**ABOUT THIS TASK**
Pictures in the records below must be left out. Return exactly the lines from the line with "obese-rat-dies" to the line with "Bagian-Bagian dan Fungsi", both included.

**THE DATA**
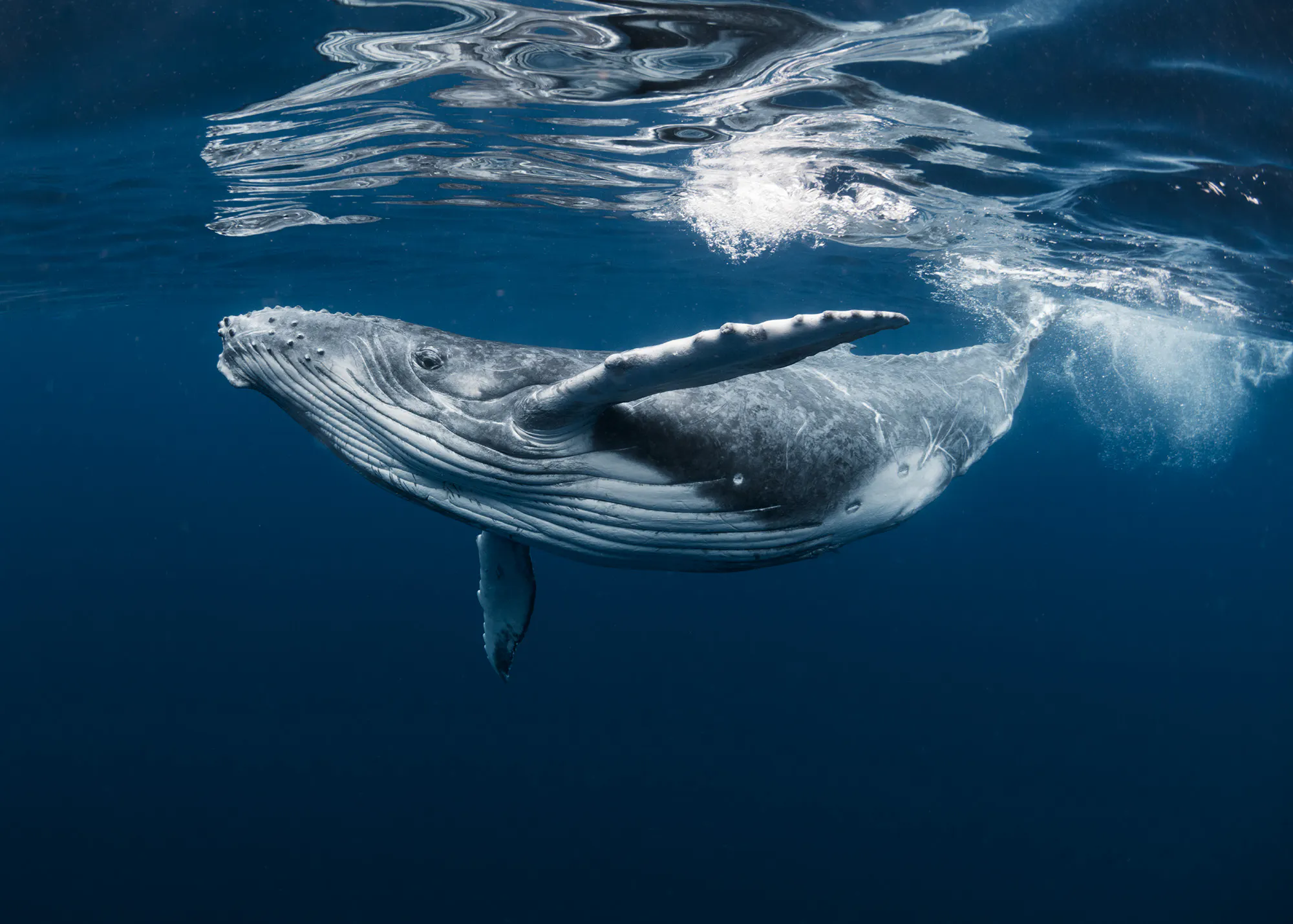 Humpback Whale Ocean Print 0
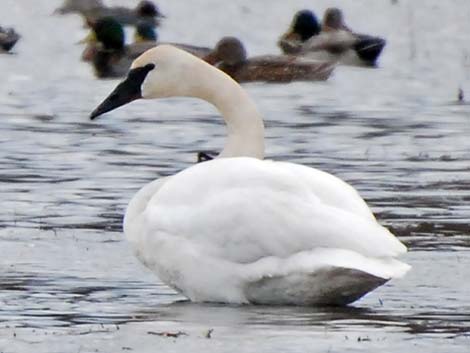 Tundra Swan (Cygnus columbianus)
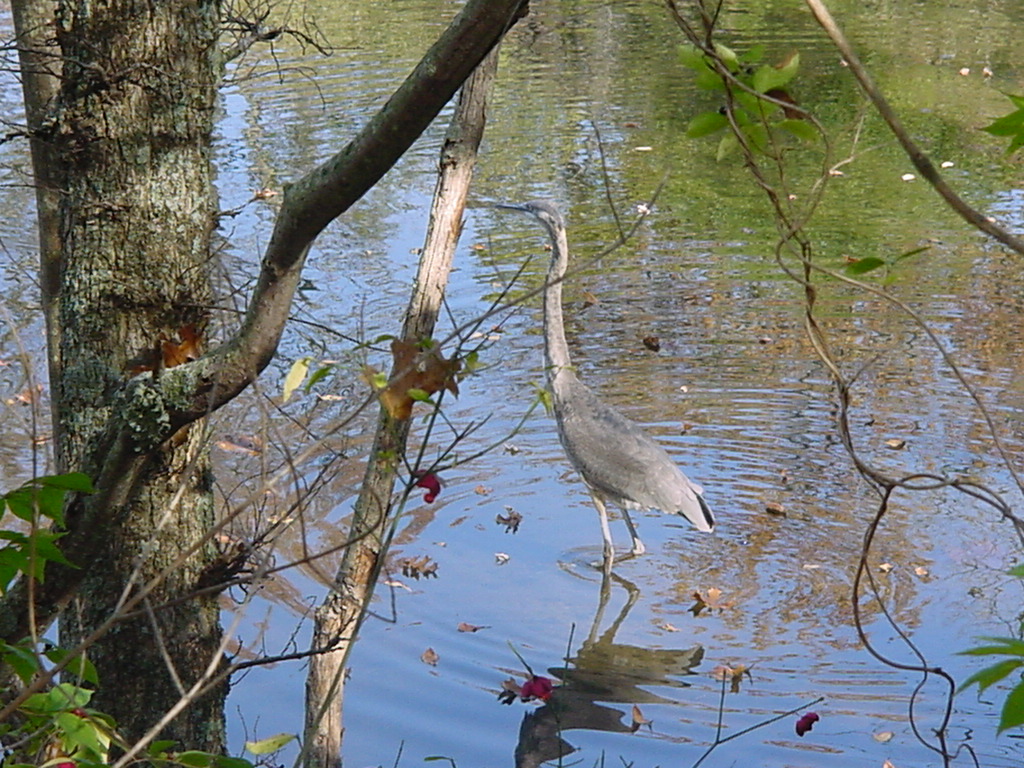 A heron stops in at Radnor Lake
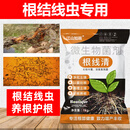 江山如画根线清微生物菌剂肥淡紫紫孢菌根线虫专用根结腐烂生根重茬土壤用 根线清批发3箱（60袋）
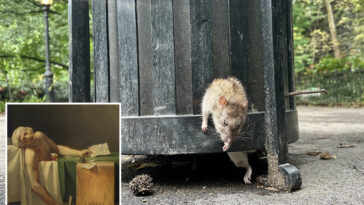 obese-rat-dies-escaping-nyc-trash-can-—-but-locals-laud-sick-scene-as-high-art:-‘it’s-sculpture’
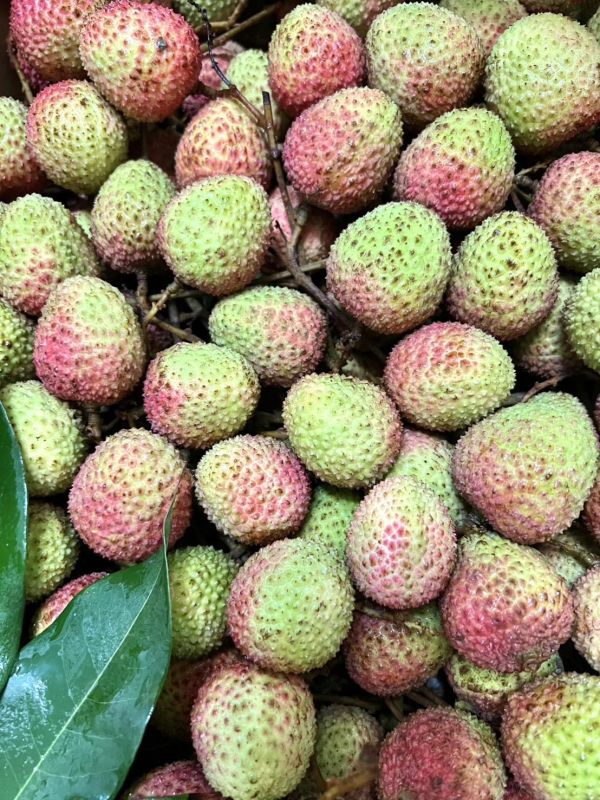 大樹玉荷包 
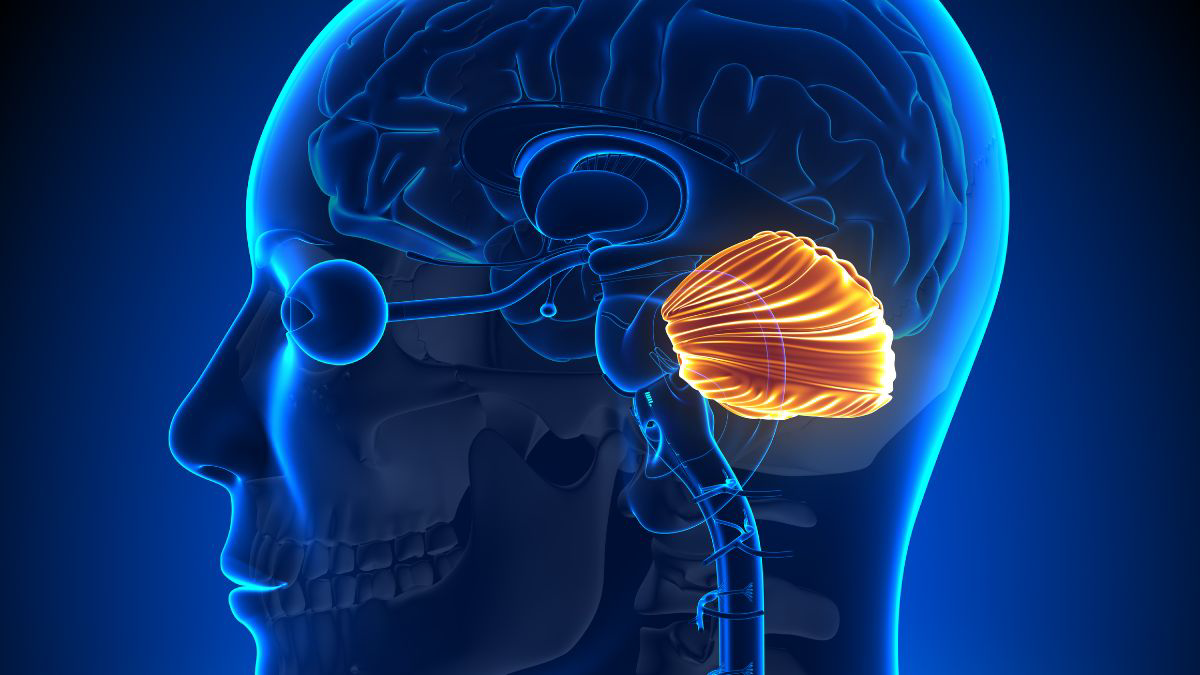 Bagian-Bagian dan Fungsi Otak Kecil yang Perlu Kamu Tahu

==

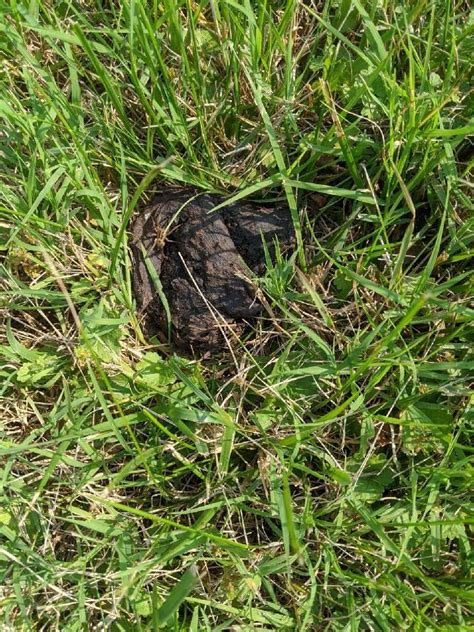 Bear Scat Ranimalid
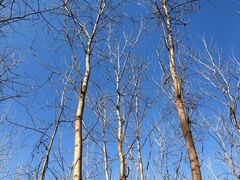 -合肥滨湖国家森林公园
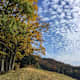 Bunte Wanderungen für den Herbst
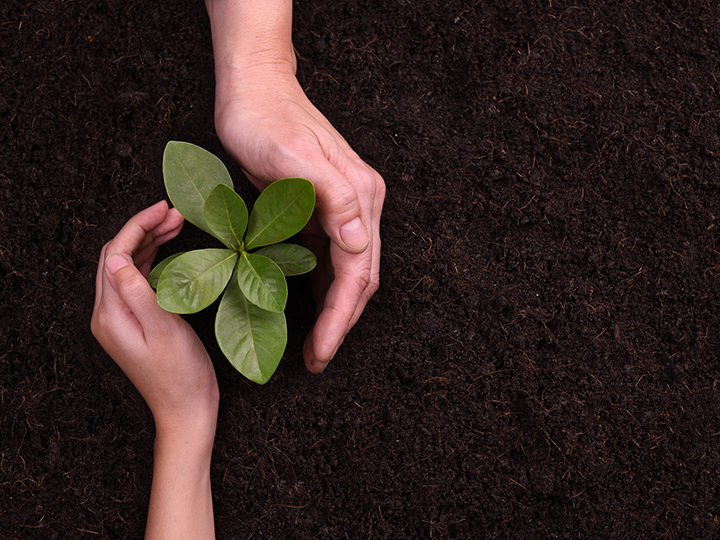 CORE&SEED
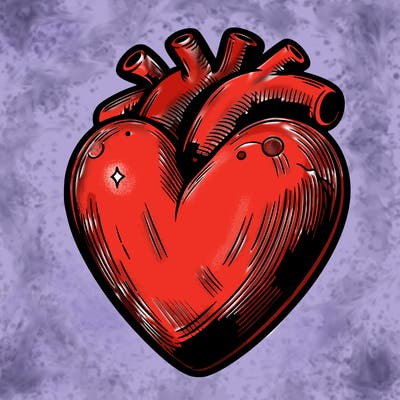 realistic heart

**SOLUTION FOR THIS TASK**
 obese-rat-dies-escaping-nyc-trash-can-—-but-locals-laud-sick-scene-as-high-art:-‘it’s-sculpture’
 大樹玉荷包 
 Bagian-Bagian dan Fungsi Otak Kecil yang Perlu Kamu Tahu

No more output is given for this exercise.